Aim of the exercise:
Retyped exactly and without pictures, the lines from the one with "NBA Basketball Denver" through the end of the listing must form the entire answer.

Listed records:
+ + + +

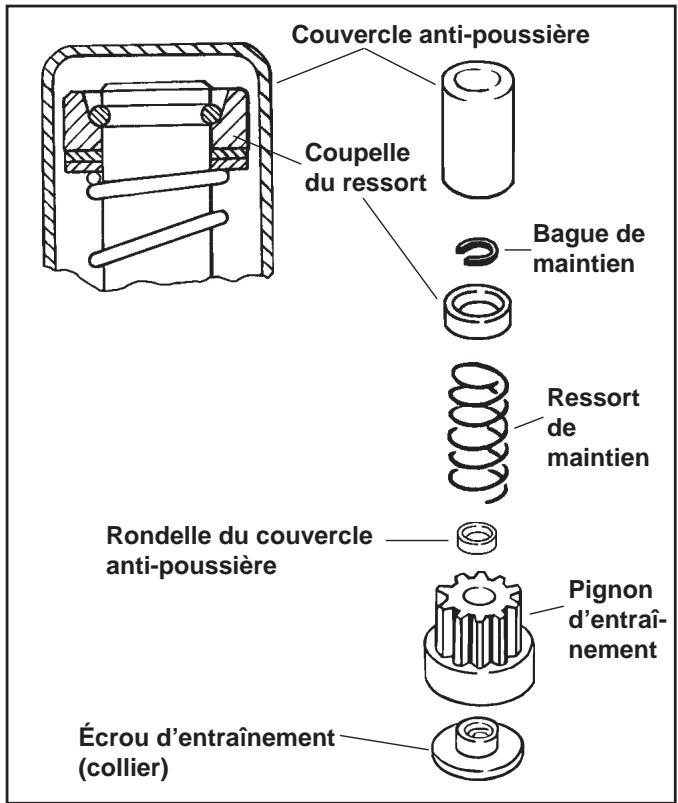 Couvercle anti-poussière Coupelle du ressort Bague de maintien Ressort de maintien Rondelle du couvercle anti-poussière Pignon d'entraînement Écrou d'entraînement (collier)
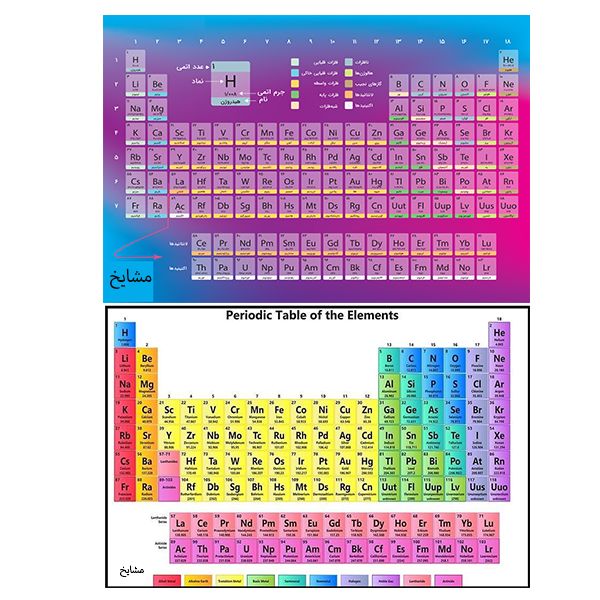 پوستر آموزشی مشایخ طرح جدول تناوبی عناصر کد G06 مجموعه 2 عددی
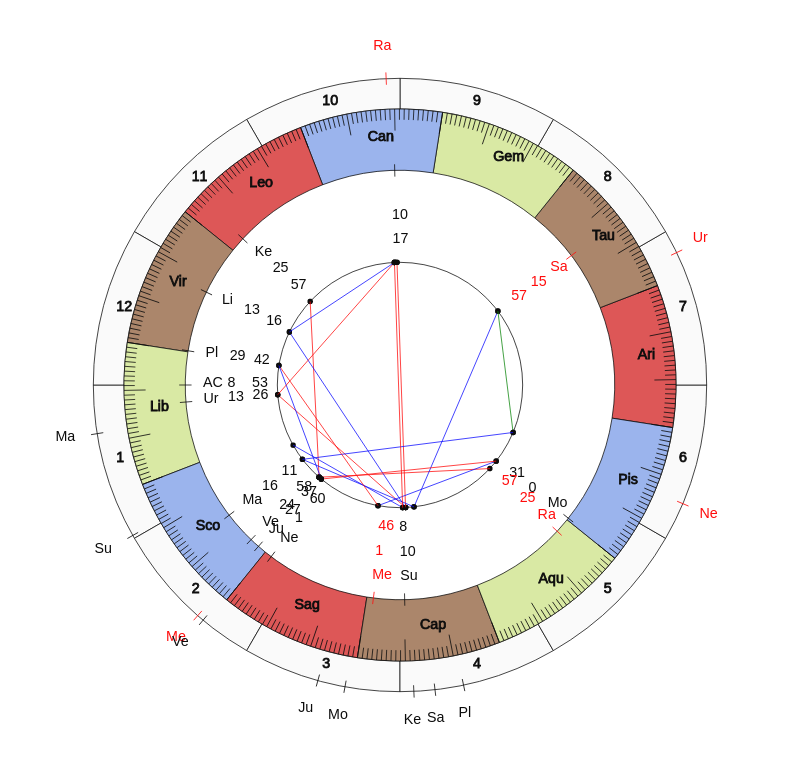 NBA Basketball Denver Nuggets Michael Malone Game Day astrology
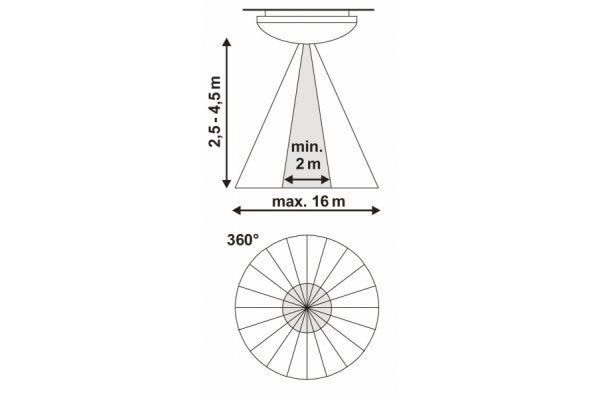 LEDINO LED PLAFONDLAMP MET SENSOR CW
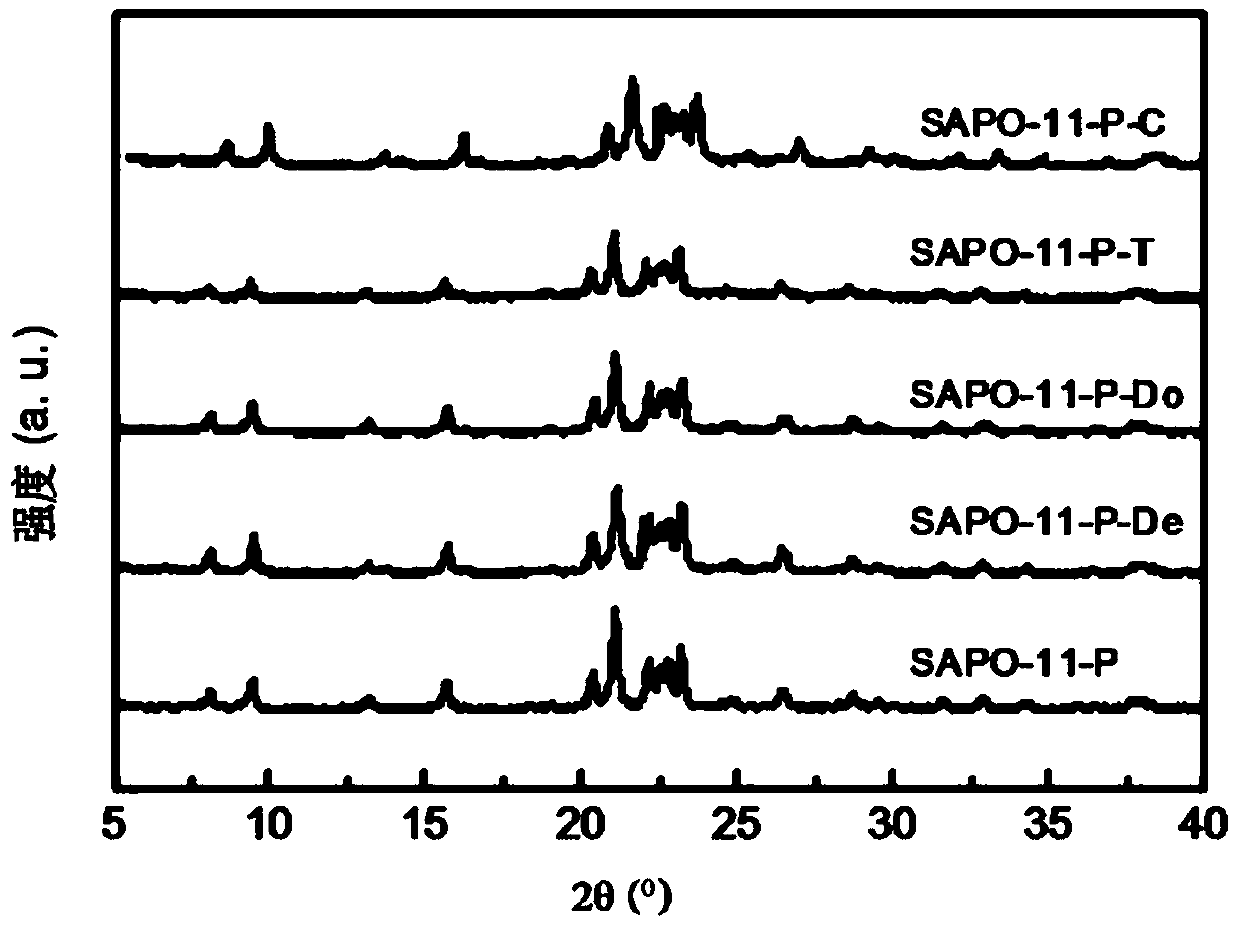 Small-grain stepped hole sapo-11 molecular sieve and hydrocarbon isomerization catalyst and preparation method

+ + + +

Result for this task:
 NBA Basketball Denver Nuggets Michael Malone Game Day astrology
 LEDINO LED PLAFONDLAMP MET SENSOR CW
 Small-grain stepped hole sapo-11 molecular sieve and hydrocarbon isomerization catalyst and preparation method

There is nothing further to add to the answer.